Outre les alcènes ou oléfines, CO s'additionne aussi à l'oxygène (combustion), au halogène ou au cyanogène, au soufre ou à la soude.
Avec le nickel Ni et le fer Fe, comme avec les autres métaux de transition du groupe VI, VII et VIII, le monoxyde de carbone forme des composés d'addition. La structure de ces complexes a été élucidée par les travaux pionniers d'Alfred Werner. Le nickel carbonyl Ni(CO)4 est un composé volatile découvert en 1888 par Mond, Langer et Quincke qui a permis de purifier le nickel du Cobalt. Ce composé (cancérigène) se décompose immédiatement en monoxyde de carbone et nickel ce qui permet la purification du nickel. L'emploi de monoxyde de carbone sous forte pression a permis de découvrir une multitude d'autres métaux carbonyles entre 1890 et 1910, parmi lesquels le Co(CO)4 utilisé ci-dessous comme catalyseur de la synthèse OXO. Ces transporteurs d'oxyde de carbone sur les molécules organiques, communément usités dès 1940 et appelés carbonyles métalliques, donneront cours à une intense littérature de brevets dans les années 1950. Fernand Gallais a apporté une meilleur compréhension physico-chimique de ce domaine désormais établi de la chimie de coordination.
L’intoxication par le monoxyde de carbone représente en France 6 à 8 000 cas par an dont 90 (en 2006[3]) à 300 décès[4]. C'est la première cause de décès par intoxication en France. En revanche la mortalité hospitalière est inférieure à 1%.

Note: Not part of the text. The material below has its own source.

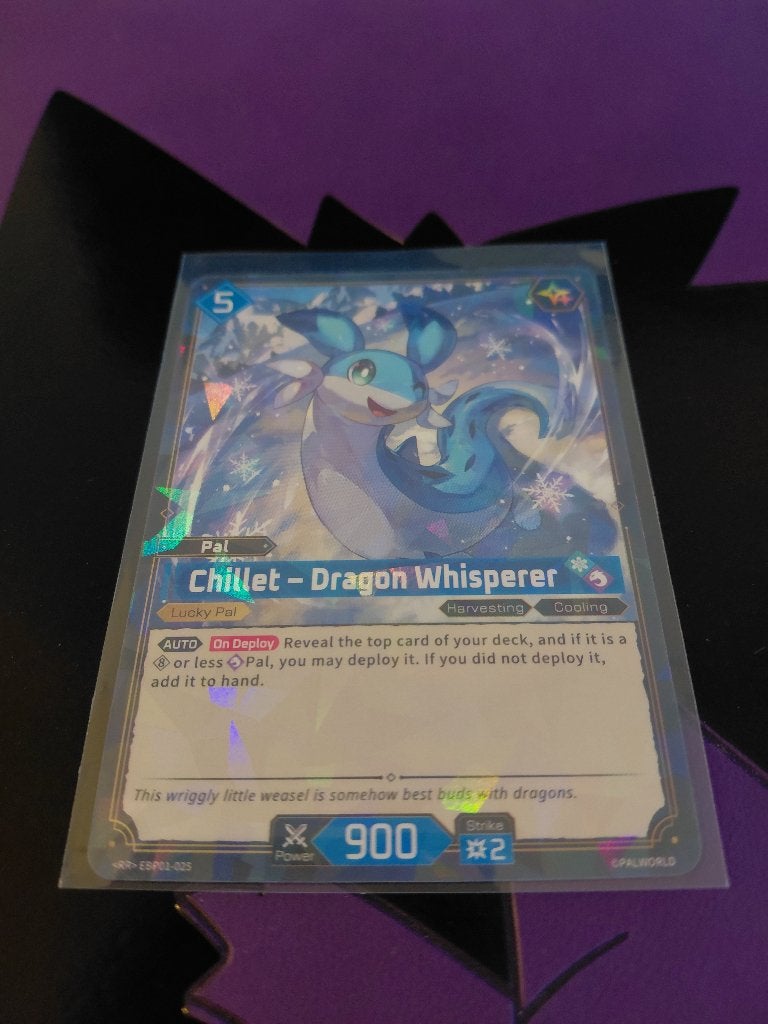 Palworld: Chillet – <RR> EBP01-025 (PRISTINE | HOLO), Enlèvement ou Envoi, Neuf, Carte(s) à jouer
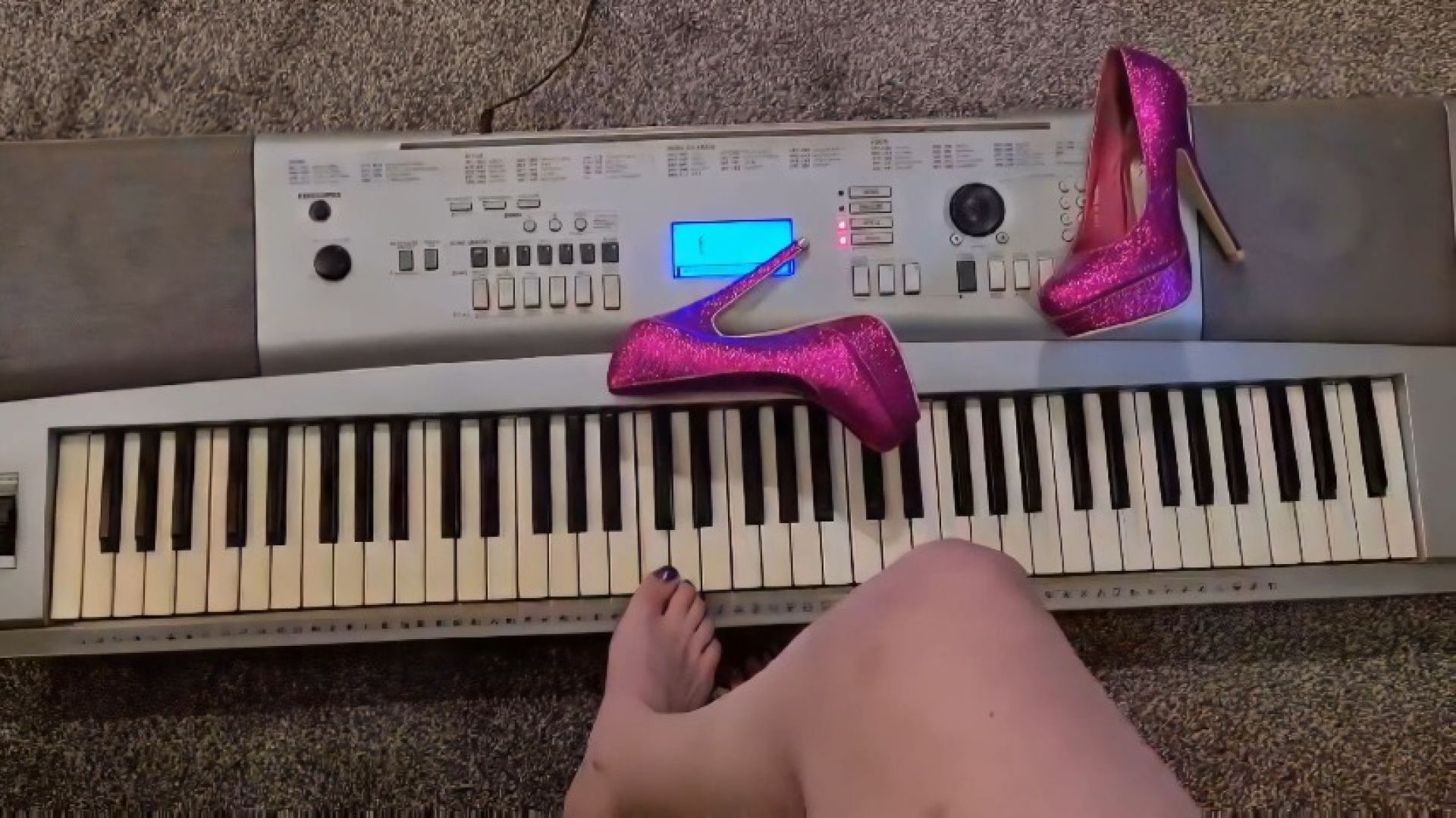 Playing My Keyboard With My Tiny Feet Part 2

Ses causes sont le plus souvent accidentelles, par mauvais fonctionnement ou mauvaise utilisation de moyens de chauffage ou de moteurs thermiques.
Les signes cliniques les plus fréquents sont des céphalées (environ 80 % des cas), des vertiges (75 % des cas), nausées (51 % des cas). Le malaise est aussi fréquent. L’asthénie, l’impotence musculaire surtout des membres inférieurs sont aussi classiques.
Une exposition plus importante provoque des signes neurologiques et sensoriels : excitation, agitation, ataxie, confusion, et plus graves, perte de connaissance (16 % des cas) et coma (3 à 13 % des cas).
Le monoxyde de carbone est émis par les automobiles quand la température est insuffisante pour une oxydation complète des hydrocarbures de l'essence en eau et en CO2, température insuffisante du fait d'une durée insuffisante dans la chambre de combustion ou du fait d'une présence insuffisante d'oxygène. Il est généralement plus difficile de créer une combustion à faible rejet de CO qu'à faible rejet d'imbrûlés. La première source de CO pour l'homme est la cigarette. Le CO a une forte affinité (230 fois supérieure à celle du dioxygène) pour l'ion fer de l'hémoglobine, le principal transporteur d'oxygène dans le sang. De ce fait, peu de CO dans l'air inspiré conduit rapidement à la formation de carboxyhémoglobine qui remplace l'oxyhémoglobine. La capacité de transport de l'oxygène est diminuée et devient rapidement insuffisante pour apporter l'oxygène nécessaire aux tissus. Par ailleurs, le CO bloque des enzymes de la chaîne respiratoire mitochondriale : il s'ensuit une impossibilité pour la cellule d'utiliser l'oxygène qui lui parvient. Ainsi, l'organisme souffre rapidement d'une hypoxie généralisée : hypoxie "de transport" (dite hypoxie hypoxémique) et hypoxie "d'utilisation" (dite hypoxie histotoxique). Les tissus les plus sensibles au manque d'oxygène sont ceux qui en utilisent le plus, surtout si leur réserve énergétique est faible : le système nerveux central et le cœur sont les plus touchés. Une exposition suffisante peut rendre une personne inconsciente simplement en réduisant l'apport d'oxygène au cerveau, et provoquer des dommages cérébraux jusqu'au décès par anoxie. La carboxyhémoglobine a une teinte rouge vif de tel sorte qu'un empoisonnement au CO peut provoquer une teinte rose au niveau des joues. Cette coloration dite "teinte cochenille" est rarement observée en clinique. Elle est parfois constatée dans les intoxications massives, lors de l'autopsie.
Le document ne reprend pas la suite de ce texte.